2014-03-28 20:34:48 | 医療

一般の健康な国民、或は患者さんであっても殆ど興味がない問題と思いますが、2年ごとに変更される診療報酬改定は日本の医療が国民皆保険制度という安定市場と統制価格という特殊な経済構造で成り立っていることから、各医療機関や支払い側の保険者にとっては死活的に重要な問題になります。1%の変更でももともと低い利益率で算出された価格で医療費が算定されているので、黒字ぎりぎりから赤字転落といった事態がすぐに起こってきます。

 

医療者側としては赤字でもつぶれない公立施設を除いて、赤字になるようであれば営業態様を変える、例えば急性期対応病院を療養型に変えるといった対応を迫られます。厚労省としては医療者側がこの対応変化をすることを見込んで診療報酬を決めている訳ですが、利用する国民の側への説明や説得といった事は省かれ、ニュースなどでも取り上げられる事は少ないのが現実です。

 

前回の平成24年度の改訂では、民主党政権下という影響もあった可能性がありますが、診療報酬は全体としては上昇、特に救急や小児、外科系の病院医療への報酬が篤くなったのは非常に良い内容でした。といっても病院勤務の外科医である私の個人的給与はびた一文上がってません。外科手術の報酬が上がったことで、医療機材や手術室の人件費などへの手当が充当されたこと、同じ仕事をしても科別の売り上げが上昇したことでデータ上の病院への貢献があがり、職員や医師の定数充足を要求しやすくなった、という恩恵があったのです。

 

さて、今回の改訂ですが、その基本的な考え方は社会保障制度改革国民会議の答申などで公開されています。
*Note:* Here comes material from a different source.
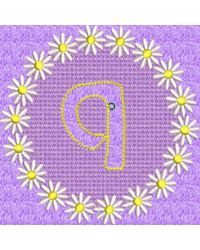 Lower Case Embossed Daisy Q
難しい言い回しがなされていますが、要は

 

「現状の医療費を上げずに、配分調整でニーズに会わせたい」

「病院、医療者側が改訂に沿って生きていけるように態様を変えなさい」

「患者は死ぬような病気は大きな病院で診てもらえるけど、後は地元の開業医にかかりなさい。なんでも便利な大病院といった贅沢は言わない事」

という内容に尽きるでしょう。

 

全体の改定率は +0.10% というこの厳しい予算の時代に大盤振る舞いで、ちゃんと消費税8%にも対応できるようにした、との事。ただ上記の配分調整がかなりドラスティックに改訂されて、「地域包括ケアシステム」という地域毎に高度急性期を担う病院から在宅や介護を中心とする医療まで医療機関が機能分化をした上で住み分けて行くように報酬が設定されている事が特徴のようです。

 

例えば現在7:1看護という患者7名に看護師1名が配置されている病院は入院医療費が高く設定されているのですが、それが全国で35万床もあるのですが、2025年には18万床に半減することを目指しています。そのために7:1で設定できる医療のニーズを厳しくして、単に看護師がいればよいというだけでは認定できない内容になりました。7:1を取るために全国で看護師の取り合いが起こってしまった反省に基づいています。この事は高コスト体質の医療が改善されるから良い事であるように感ずるかもしれませんが、患者あたりの看護師数を減らさざる得なくなった場合には、今後消滅していた「付添婦制度」のようなものを復活させる必要が生ずるでしょう。これは当然患者側の負担になります。昭和50年代くらいまでは家族が付き添えない重症患者さんには職業的な「付き添いさん」を雇う制度があって、当時でも一日数千円から一万円の費用がかかったものでした。その後厚労省は完全看護を目指してこの制度をなくし、患者を病院に任せたきりで誰も家族が患者の世話をしなくて良い制度になったのですが、下の世話も全て看護師の仕事になって看護師の仕事が重労働化し、患者がベッドから落ちても病院の責任だなどと言われるようになってしまいました。

 

今回「地域包括ケアシステム」とつかみ所のない名前になっていますが、要は在宅医療の増進、入院の抑制が主眼であって、「家で見きれないから入院させて」という希望(大学病院にもけっこう多い)で入院させることは禁止、家で見きれなければ自費で介護施設に入れてください。という内容です。

 

独居老人問題、老老介護問題、若い人達が仕事のない田舎からいなくなる問題など、これらが解決することはないでしょうから、現実には今後種々のしわ寄せが病気がちの高齢者達に向かうことは間違いないのですがこういった問題を完全に解決した社会は古今東西ないのですから、「いままで日本の高齢者達が比較的手厚い医療を受けて来た事を歴史的な幸いとして後世に伝えて行くしかないのでは」と最近は考えています。

 

今回の改訂で「厳しい急性期医療」を真摯に行うところにはそれなりに手厚い増収(例えば休日に緊急手術をすると点数が2.6倍)になるなど医療の機能分化に対して本気度を見せている所もあります。私などが役人さんの仕事を評価するというのはおこがましいですが、基本理念に基づいてけっこう良く練られた改訂かもしれないと感じています。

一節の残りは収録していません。